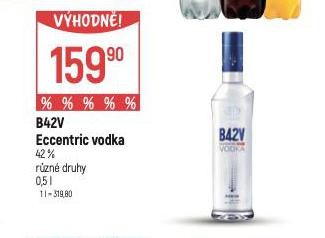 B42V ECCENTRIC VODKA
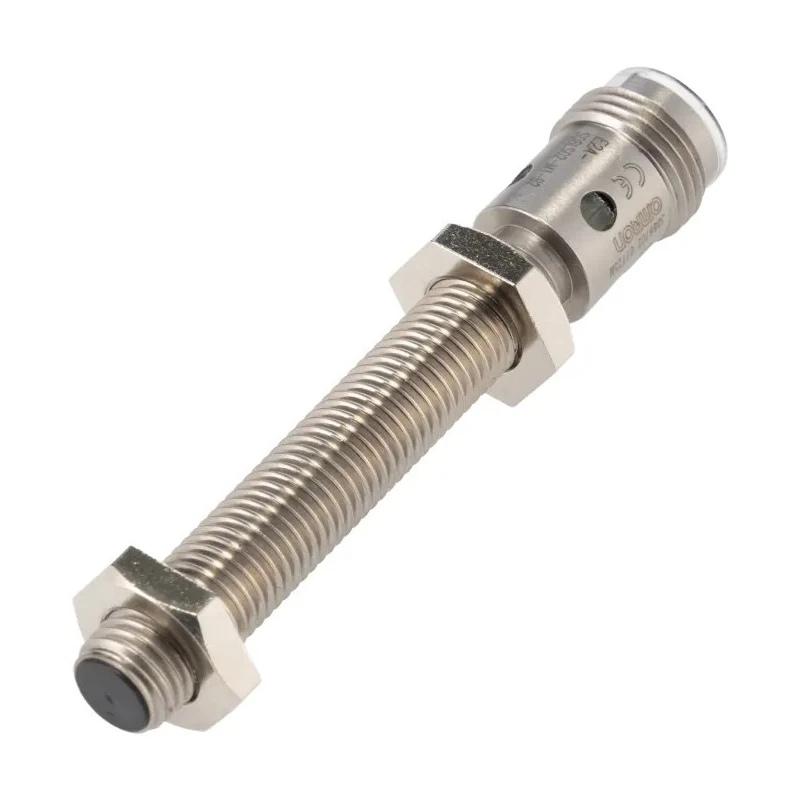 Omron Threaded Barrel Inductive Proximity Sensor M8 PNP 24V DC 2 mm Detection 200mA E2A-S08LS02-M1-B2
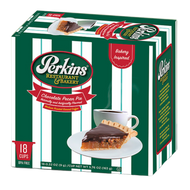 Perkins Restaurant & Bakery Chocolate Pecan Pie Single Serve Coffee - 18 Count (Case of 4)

------------------------------------------------------------------------

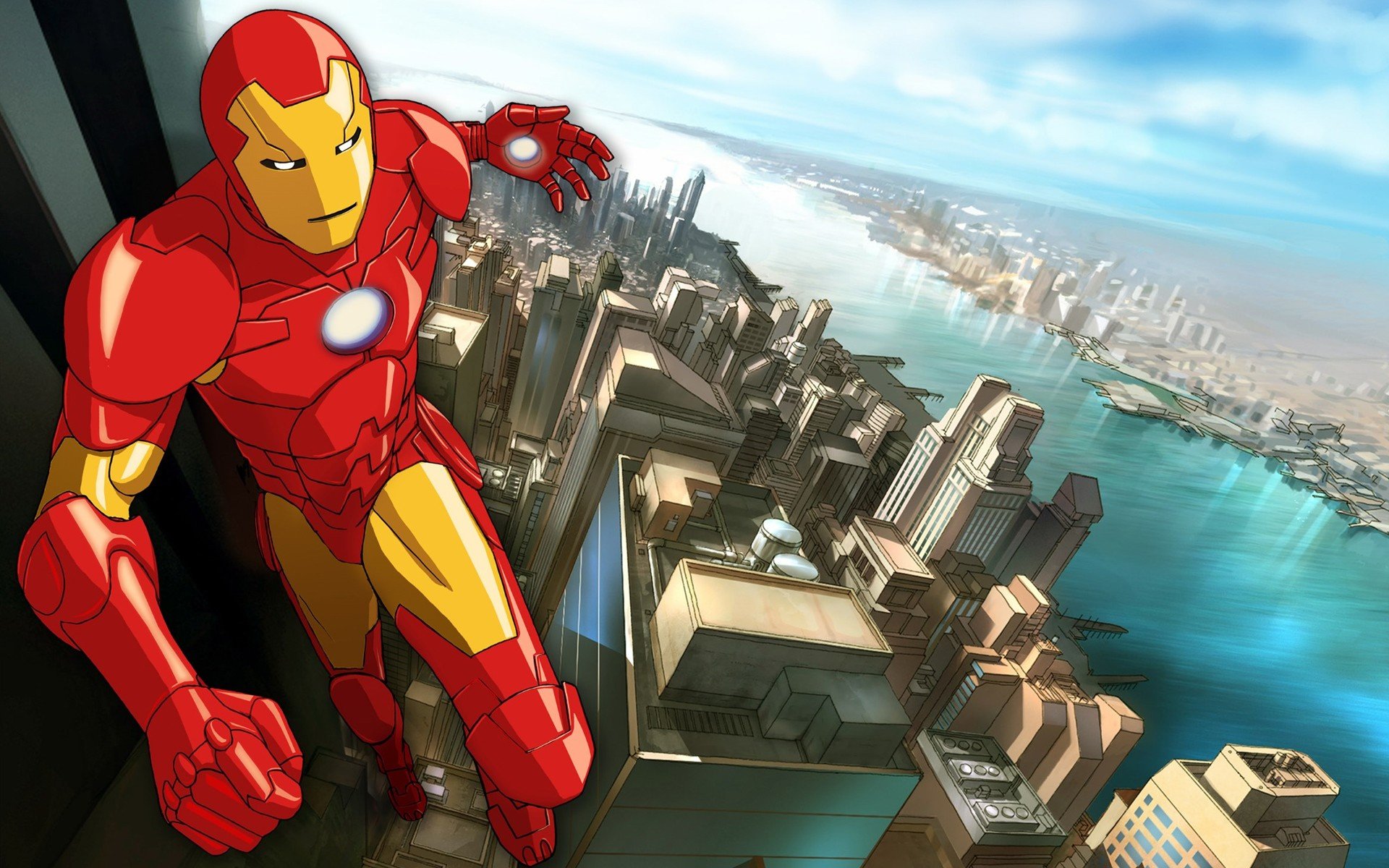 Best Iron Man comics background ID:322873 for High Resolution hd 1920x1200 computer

------------------------------------------------------------------------

▶ [Task to carry out]: What is wanted is an exact copy of the lines above from the one containing "Omron Threaded Barrel" through the one containing "Perkins Restaurant &", with no pictures in it.

▶ [Solution to this exercise]:
 Omron Threaded Barrel Inductive Proximity Sensor M8 PNP 24V DC 2 mm Detection 200mA E2A-S08LS02-M1-B2
 Perkins Restaurant & Bakery Chocolate Pecan Pie Single Serve Coffee - 18 Count (Case of 4)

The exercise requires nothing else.